Michael’s Spring 2024 Design Notebook

Week of January 22, 2024

Project Work:

As this was the first week of the semester I was mostly focused on getting settled back into school but I did manage to finish the ID connection module I started at the end of last semester.

Week of January 29, 2024

Project Work:

  • Fixed Branch Manager Errors: Fixed errors in the Branch Manager module and test that were overlooked due to the module’s absence from the CMake files as noted by Xingzhi.
  • Changed Titles of Labs: Changed the titles of the onboarding labs from Week # to Lab # as the former naming scheme implied the labs should only be done one week at a time which is quite a slow pace, especially for some of the earlier labs.
  • Updated Summary Page with Spring 2024 Design Notebooks: Updated the summary page of the website to include the new folder for the Spring 2024 design notebook entries.
  • Assigned Rielle to work on Core Intro Guide: Assigned Rielle to work on a detailed introduction guideline for new members joining the Core Team which helps explain how the team works and how the core repo is structured.

The team officially spun into gear this week as new members start to work on the onboarding labs and existing members start to pick up where they left off in the fall.
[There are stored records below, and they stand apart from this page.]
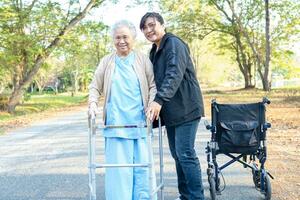 vårdgivare hjälp asiatisk senior kvinna promenad med rollator med rullstol på parkera. foto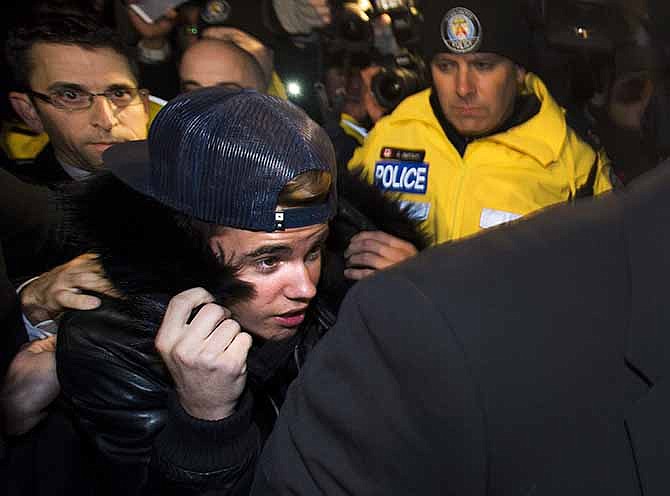 Canadian musician Justin Bieber is swarmed by media and police officers as he turns himself in to city police for an expected assault charge, in Toronto, on Wednesday, Jan. 29, 2014. A police official said the charge has to do with an alleged assault on a limo driver in December. 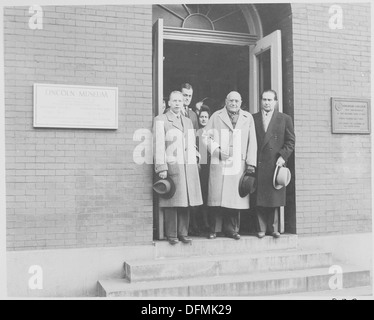 Photograph of a group of unidentified dignitaries in the doorway of the Lincon Museum at Ford's Theater in... 199494 Stock Photo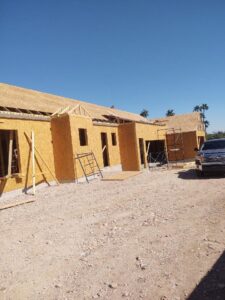 A house under construction with wood framing and OSB sheathing by AZ Framing and Remodeling in Peoria, AZ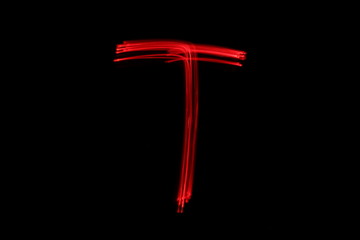 Wall Mural - Long exposure photograph of the letter t in neon red colour fairy lights against a black background. Light painting photography. Part of an alphabet series.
As such, I sent messages to existing core team members with unfinished work from the fall to check that they planned to remain with the team this semester and were good to keep working on their existing tasks. Most of the people I messaged have at this point confirmed they plan to continue their work from the fall but I am still waiting on a couple more responses which I hope to get soon.
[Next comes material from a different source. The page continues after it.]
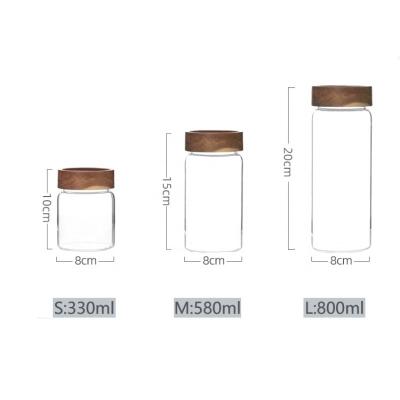 China Freshness Preservation Hand-Blown Borosilicate Glass Canister With Acacia Wood Lid For Sugar Tea Coffee Beans Candy Spice Jar Glass Jar With Lid for sale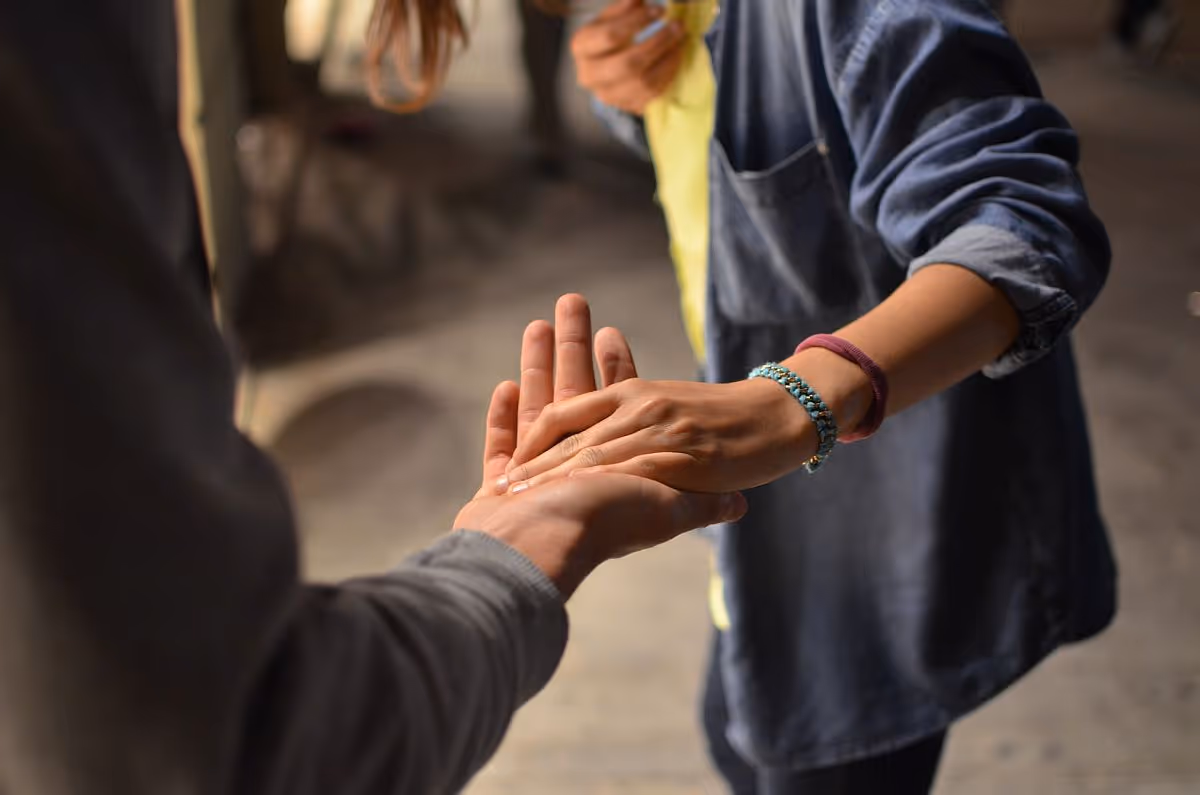 Handshake close up; collaborate with employees concept|Two women looking at tablet screen|Aerial view of three women pointing at laptop screen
One of the people who did respond, Xingzhi, noticed while continuing his work on the Branch Control connection module that the Branch Manager module was not included in the CMake files and that it caused several syntax errors when it was added. It quickly became clear to me that I had forgotten to add both the Branch Manager module and its test to the CMake files when I first made them so they were never properly tested. I quickly attended the CMake files and fixed the syntax errors in the Verilog code for the Branch Manager. Once I had done that it also became clear that there were errors in the Branch Manager tests where I was checking against the wrong output value for certain cases, so I fixed that issue as well. With those various fixes made the Branch Manager now worked properly and was no longer missing from the CMake files.

Since new people will be joining the team this semester, I wanted to make a few improvements to the Website repo that I had been meaning to do for a while. Namely, I wanted to finally change the onboarding lab titles from Week # to Lab # so that new members would not be encouraged to only do a single lab per week. Last semester we had a major issue where it took around half the semester for the first of the new members to finish the onboarding labs. Given that there are only 4 complete labs, as Lab 5 does not yet have an associated exercise to complete, and that a significant portion of the first lab is copy-pasting text into files, it should only take 3 to 4 weeks for new members to make their way through the labs as evidenced by how quickly people completed the labs in Spring 2023. While there are certainly more significant issues that led to the slow progress last semester which we are hoping to address this semester, at the very least we shouldn’t be actively encouraging new members to clock out for the week after they finish a single on-boarding lab by titling the labs as week numbers.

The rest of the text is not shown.